There is certainly plenty of fuel in this Libor fire to stoke the rage of global investors for a long time. Emails already released acknowledge that traders involved in this manipulation knew the activity was blatantly dishonest. Yet it persisted for years. How? Why?

This price-fixing scandal looks so familiar to the same sort of activity typically connected to organized crime. Those within the banks were driven to maximize profits. Those charged with regulating the markets were captured by the industry and served to protect the industry’s interests rather than the interests of investors.

Ultimately, the smoke around the manipulation became too dark and overwhelming and the manipulation could not be kept under wraps. Future developments with this story are surely scaring the hell out of a lot of individuals right now. The potential for criminal charges is clearly unsettling.

Are we to believe that Wall Street has never before been involved in rigging and manipulating markets?

1. We know that Wall Street banks manipulated the auction-rate securities sector to give the appearance of a healthy market when the auctions would have otherwise failed. Anywhere else?

2. Actually if we were to go all the way back to the late 1980s and into the early 1990s, another short term rate utilized to benchmark borrowing activity was also widely believed to have been compromised.
Really? What rate was that? Let me introduce you to the 11th District Cost of Funds (COFI), which

. . . is one of many indices used by mortgage lenders to adjust the interest rate on adjustable rate mortgages. The COFI is computed from the actual interest expenses reported for a given month by the Arizona, California, and Nevada savings institution members of the Federal Home Loan Bank of San Francisco (Bank) that satisfy the Bank’s criteria for inclusion in the COFI (COFI Reporting Members).

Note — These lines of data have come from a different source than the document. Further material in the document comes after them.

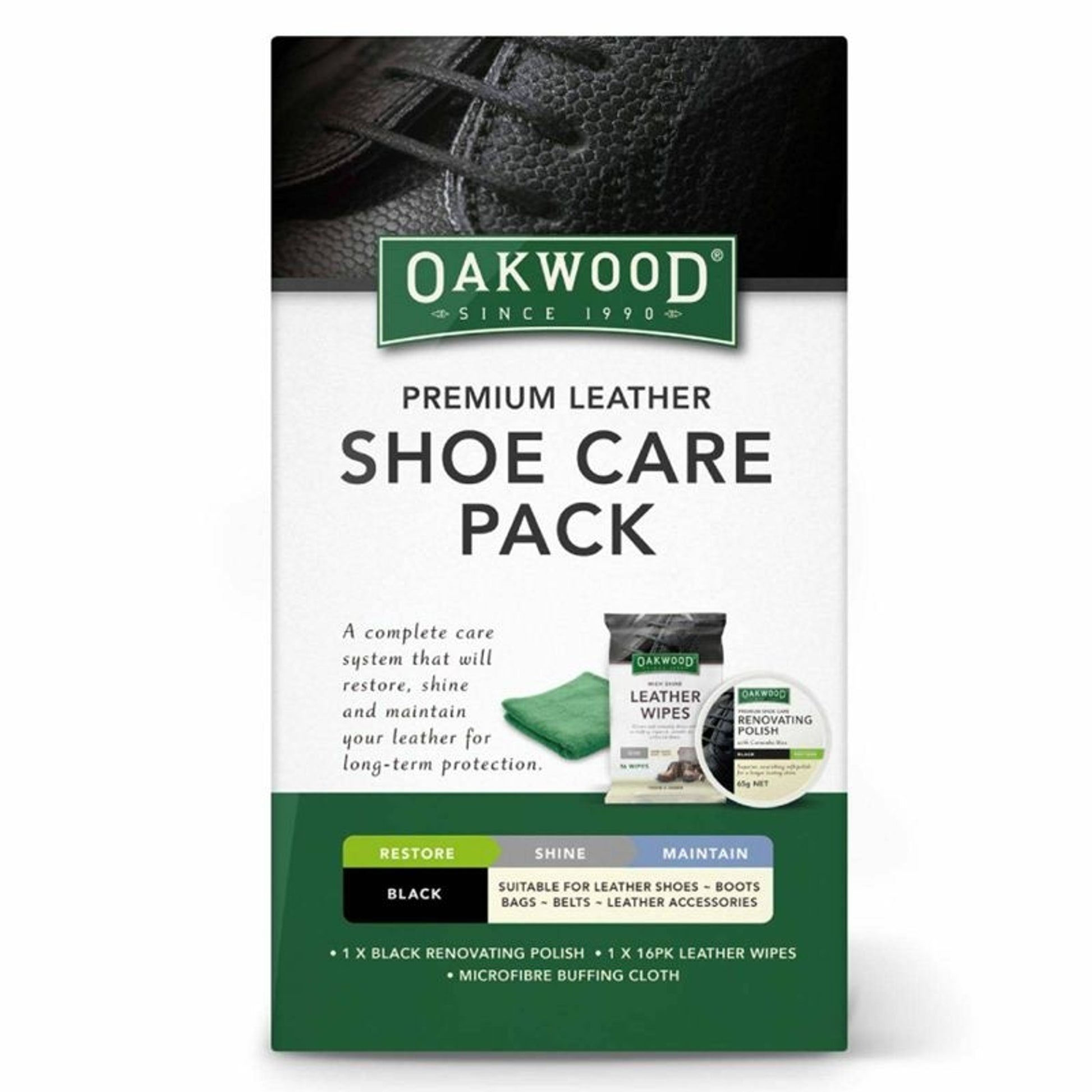 Oakwood Shoe Care Pack Black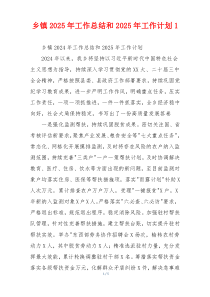 乡镇2025年工作总结和2025年工作计划1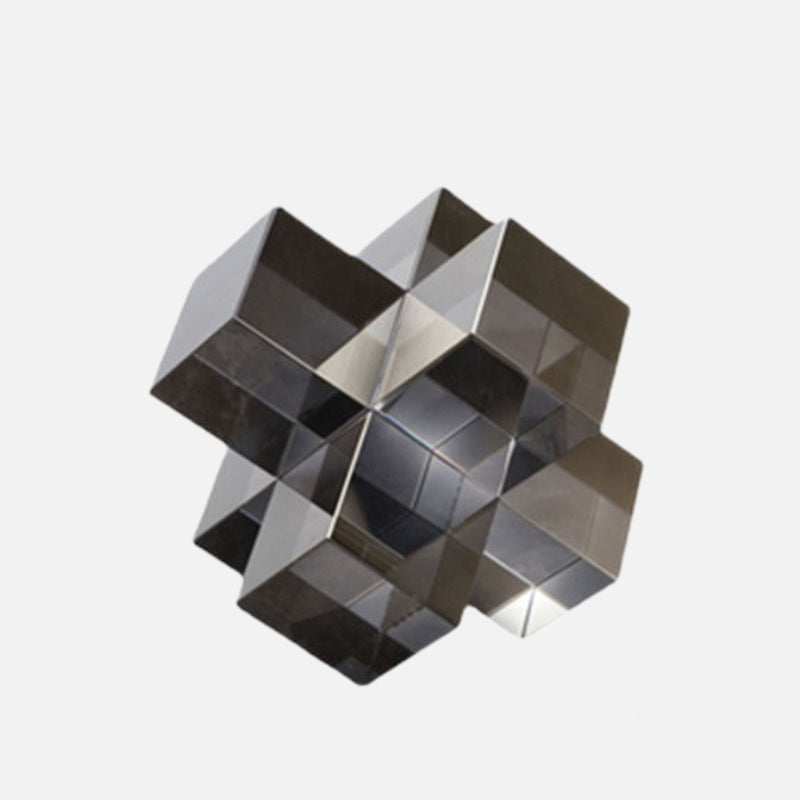 Geometric Square Crystal Cross Statue Smoke Medium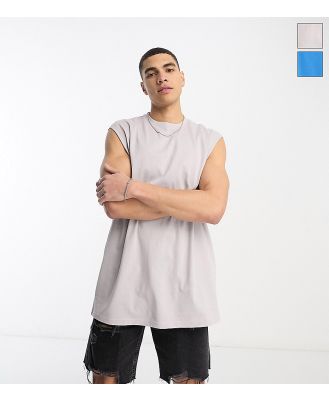 Another Influence Tall 2 pack oversized singlets in grey and blue
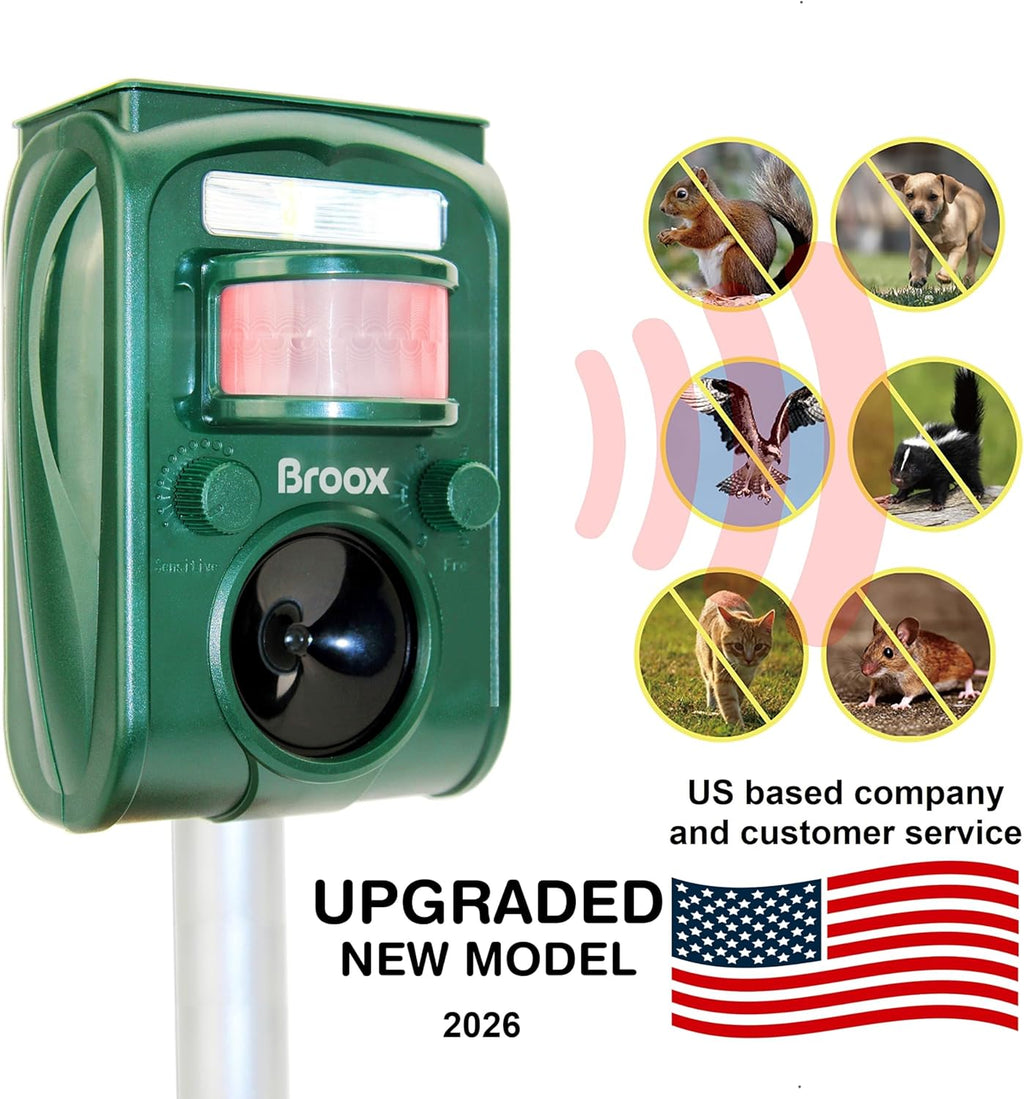 2026 Upgraded Solar Animal Repellent, Cat Repellent Outdoor, Squirrel Repellent, Deer Repellent, Ultrasonic pest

In addition to the COFI, the Bank publishes semiannual weighted average cost of funds indices for California and the 11th District.

In speaking with former traders on Wall Street we were reminiscing about the fact that this 11th District COFI index had been intentionally compromised, that is, manipulated. If my memory serves, I also recall that it was so compromised that for a period the market stopped utilizing it as a benchmark. Could the same happen with Libor in the foreseeable future?

How interesting that under Frequently Asked Questions, the Federal Home Loan Bank of San Francisco provides the following disclaimer:

Does the Bank guarantee the accuracy of the cost of funds indices it publishes?
No. Although the Bank makes a good faith effort to be accurate in the calculation and publication of the COFI and other cost of funds indices it publishes, the Bank does not warrant, confirm, or guarantee the accuracy of the data it receives from its COFI Reporting Members, the accuracy of the cost of funds calculations, or the accuracy of the cost of funds indices as published.

The Bank does not examine the books and records of its COFI Reporting Members for this purpose, and the Bank expressly disclaims all liability that may arise from any use of the COFI or other index or the use of inaccurate data received from its COFI Reporting Members in calculating the COFI and semiannual cost of funds indices. In addition, the Bank expressly disclaims any liability to any person for any inaccuracy in any cost of funds index, regardless of the cause, or for any resulting damages. In general, the Bank will not revise or republish any COFI or any semiannual cost of funds index for any reason after the publication date.

Garbage in….garbage out… sounds a lot like the practices used in the carting business.

Twenty years from now, will another massive rigging scandal ensue? Unless there are very real changes within our financial regulatory framework, I would count on it.